**Prompt**
Each line below with the word "White" needs to be copied.

####

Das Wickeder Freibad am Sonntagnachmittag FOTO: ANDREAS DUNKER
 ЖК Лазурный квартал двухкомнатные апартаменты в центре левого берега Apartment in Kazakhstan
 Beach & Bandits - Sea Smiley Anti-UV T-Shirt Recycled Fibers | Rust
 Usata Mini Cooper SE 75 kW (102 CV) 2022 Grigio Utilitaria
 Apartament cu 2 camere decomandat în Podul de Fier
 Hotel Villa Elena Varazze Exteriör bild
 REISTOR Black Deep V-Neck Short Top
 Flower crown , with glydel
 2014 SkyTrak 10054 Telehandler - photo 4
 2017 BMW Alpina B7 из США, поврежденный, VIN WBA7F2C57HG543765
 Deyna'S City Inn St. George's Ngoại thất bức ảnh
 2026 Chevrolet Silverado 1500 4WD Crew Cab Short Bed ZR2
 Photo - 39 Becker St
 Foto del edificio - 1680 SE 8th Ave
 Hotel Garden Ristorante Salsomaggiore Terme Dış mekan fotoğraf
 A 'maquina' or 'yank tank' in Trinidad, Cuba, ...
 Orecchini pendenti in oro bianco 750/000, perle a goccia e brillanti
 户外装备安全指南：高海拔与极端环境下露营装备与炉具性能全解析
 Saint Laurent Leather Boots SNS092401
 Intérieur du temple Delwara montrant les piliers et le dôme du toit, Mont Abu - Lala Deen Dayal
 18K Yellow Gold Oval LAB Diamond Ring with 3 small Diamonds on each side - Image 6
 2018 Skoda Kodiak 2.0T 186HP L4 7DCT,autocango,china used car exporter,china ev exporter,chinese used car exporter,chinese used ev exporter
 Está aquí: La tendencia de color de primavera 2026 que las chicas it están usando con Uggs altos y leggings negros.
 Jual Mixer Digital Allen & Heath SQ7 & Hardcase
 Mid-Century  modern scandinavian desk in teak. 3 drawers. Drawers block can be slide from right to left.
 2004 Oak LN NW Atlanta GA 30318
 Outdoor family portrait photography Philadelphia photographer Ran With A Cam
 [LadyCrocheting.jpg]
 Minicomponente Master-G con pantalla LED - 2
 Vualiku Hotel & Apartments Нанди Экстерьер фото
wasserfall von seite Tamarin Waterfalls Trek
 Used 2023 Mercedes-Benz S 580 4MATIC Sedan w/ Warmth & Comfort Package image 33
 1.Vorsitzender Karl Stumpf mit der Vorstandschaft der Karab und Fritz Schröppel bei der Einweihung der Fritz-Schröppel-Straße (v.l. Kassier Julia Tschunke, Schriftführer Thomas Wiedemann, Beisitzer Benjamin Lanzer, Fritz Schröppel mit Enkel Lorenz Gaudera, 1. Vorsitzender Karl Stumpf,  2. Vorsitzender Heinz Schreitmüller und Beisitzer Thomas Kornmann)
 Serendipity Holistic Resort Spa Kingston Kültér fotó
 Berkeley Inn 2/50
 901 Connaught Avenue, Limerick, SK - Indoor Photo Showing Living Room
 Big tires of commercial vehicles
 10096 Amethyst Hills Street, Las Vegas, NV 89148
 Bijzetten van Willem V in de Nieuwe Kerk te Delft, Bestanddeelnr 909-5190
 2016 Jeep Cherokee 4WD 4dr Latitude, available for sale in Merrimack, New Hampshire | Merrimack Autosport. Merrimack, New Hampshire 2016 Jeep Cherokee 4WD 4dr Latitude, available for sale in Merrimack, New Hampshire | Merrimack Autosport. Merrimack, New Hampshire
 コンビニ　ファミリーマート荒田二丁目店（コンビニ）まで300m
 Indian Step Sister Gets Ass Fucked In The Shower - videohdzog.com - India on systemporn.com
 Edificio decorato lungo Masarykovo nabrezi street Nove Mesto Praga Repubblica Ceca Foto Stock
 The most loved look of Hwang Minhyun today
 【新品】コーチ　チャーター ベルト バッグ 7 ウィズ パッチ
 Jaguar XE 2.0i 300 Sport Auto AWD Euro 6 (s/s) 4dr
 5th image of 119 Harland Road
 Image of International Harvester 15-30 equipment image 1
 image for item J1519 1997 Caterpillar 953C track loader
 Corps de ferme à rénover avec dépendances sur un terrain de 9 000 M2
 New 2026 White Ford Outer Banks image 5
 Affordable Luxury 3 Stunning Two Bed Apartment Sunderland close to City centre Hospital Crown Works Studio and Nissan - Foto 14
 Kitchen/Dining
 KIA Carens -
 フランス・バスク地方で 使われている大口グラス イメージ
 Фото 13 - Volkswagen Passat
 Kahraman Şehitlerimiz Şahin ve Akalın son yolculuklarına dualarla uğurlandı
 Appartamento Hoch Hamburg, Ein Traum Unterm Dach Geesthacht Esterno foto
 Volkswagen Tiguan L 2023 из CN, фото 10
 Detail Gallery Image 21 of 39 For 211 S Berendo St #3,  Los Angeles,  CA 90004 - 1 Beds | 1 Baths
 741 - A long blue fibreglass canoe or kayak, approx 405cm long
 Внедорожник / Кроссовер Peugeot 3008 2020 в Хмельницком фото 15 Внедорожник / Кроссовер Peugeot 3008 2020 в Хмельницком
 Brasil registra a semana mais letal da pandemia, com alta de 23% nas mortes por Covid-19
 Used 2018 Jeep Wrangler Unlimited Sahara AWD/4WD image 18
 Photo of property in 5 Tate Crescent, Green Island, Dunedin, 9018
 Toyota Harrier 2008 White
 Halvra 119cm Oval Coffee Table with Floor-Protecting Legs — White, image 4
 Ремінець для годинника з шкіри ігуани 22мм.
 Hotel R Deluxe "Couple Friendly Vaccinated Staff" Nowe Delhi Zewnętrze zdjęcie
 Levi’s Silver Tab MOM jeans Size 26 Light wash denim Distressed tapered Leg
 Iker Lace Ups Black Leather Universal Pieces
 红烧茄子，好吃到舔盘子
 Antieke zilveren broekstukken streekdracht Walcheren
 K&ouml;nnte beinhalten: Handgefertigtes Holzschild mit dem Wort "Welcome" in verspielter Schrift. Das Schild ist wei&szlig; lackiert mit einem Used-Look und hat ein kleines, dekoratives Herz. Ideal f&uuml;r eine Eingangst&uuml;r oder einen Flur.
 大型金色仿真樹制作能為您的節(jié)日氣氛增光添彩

####

**Output for this exercise**
 New 2026 White Ford Outer Banks image 5
 Toyota Harrier 2008 White
 Halvra 119cm Oval Coffee Table with Floor-Protecting Legs — White, image 4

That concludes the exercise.